▶ **Information shown**:
• • • •
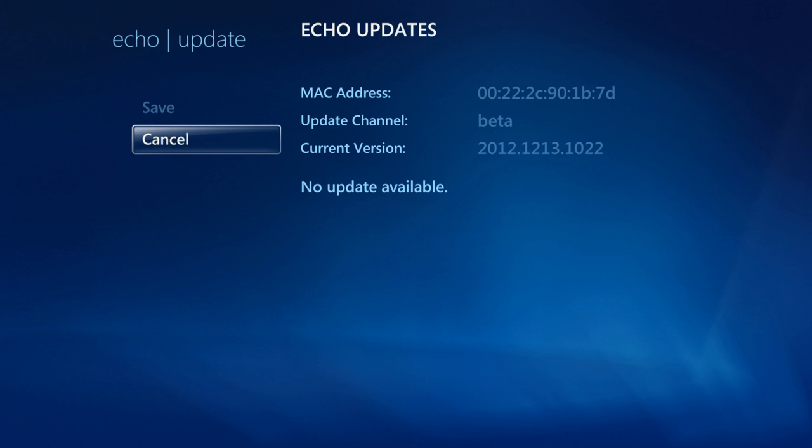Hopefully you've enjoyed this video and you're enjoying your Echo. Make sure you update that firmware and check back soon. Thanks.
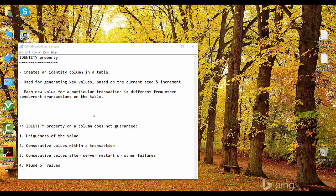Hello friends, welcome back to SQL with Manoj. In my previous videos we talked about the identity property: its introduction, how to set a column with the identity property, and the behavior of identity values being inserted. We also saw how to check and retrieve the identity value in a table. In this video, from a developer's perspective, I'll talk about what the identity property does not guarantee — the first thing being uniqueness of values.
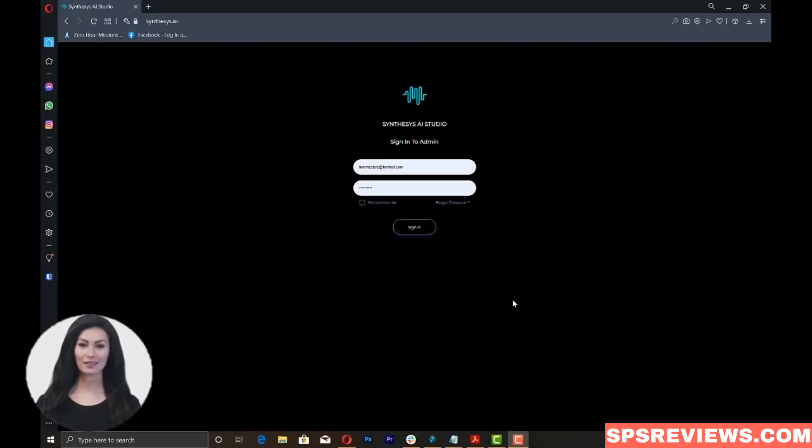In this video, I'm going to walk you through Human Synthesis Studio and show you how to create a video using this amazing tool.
• • • •
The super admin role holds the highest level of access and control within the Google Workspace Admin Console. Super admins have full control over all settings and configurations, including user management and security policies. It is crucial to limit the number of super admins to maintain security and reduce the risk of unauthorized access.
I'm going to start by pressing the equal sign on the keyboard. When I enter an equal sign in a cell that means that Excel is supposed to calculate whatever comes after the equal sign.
• • • •
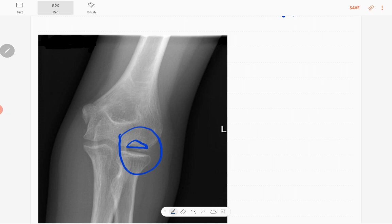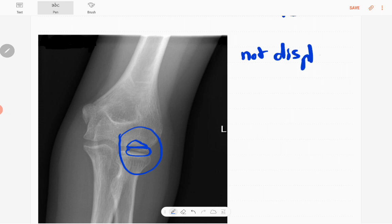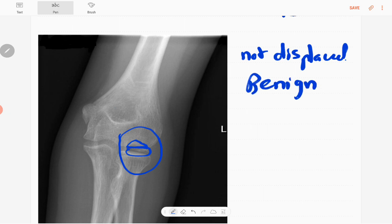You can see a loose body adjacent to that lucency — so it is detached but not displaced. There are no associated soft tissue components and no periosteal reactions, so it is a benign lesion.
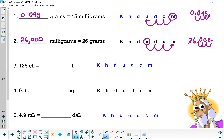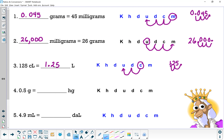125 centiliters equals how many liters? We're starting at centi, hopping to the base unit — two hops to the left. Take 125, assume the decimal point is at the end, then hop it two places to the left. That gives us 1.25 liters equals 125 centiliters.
• • • •
▶ **What needs to be done**:
Exact copy, no pictures. Write out the lines in the entries above, starting with the line with "You can see" and going on through the line with "125 centiliters equals", keeping both.

▶ **Problem solution**:
You can see a loose body adjacent to that lucency — so it is detached but not displaced. There are no associated soft tissue components and no periosteal reactions, so it is a benign lesion.
125 centiliters equals how many liters? We're starting at centi, hopping to the base unit — two hops to the left. Take 125, assume the decimal point is at the end, then hop it two places to the left. That gives us 1.25 liters equals 125 centiliters.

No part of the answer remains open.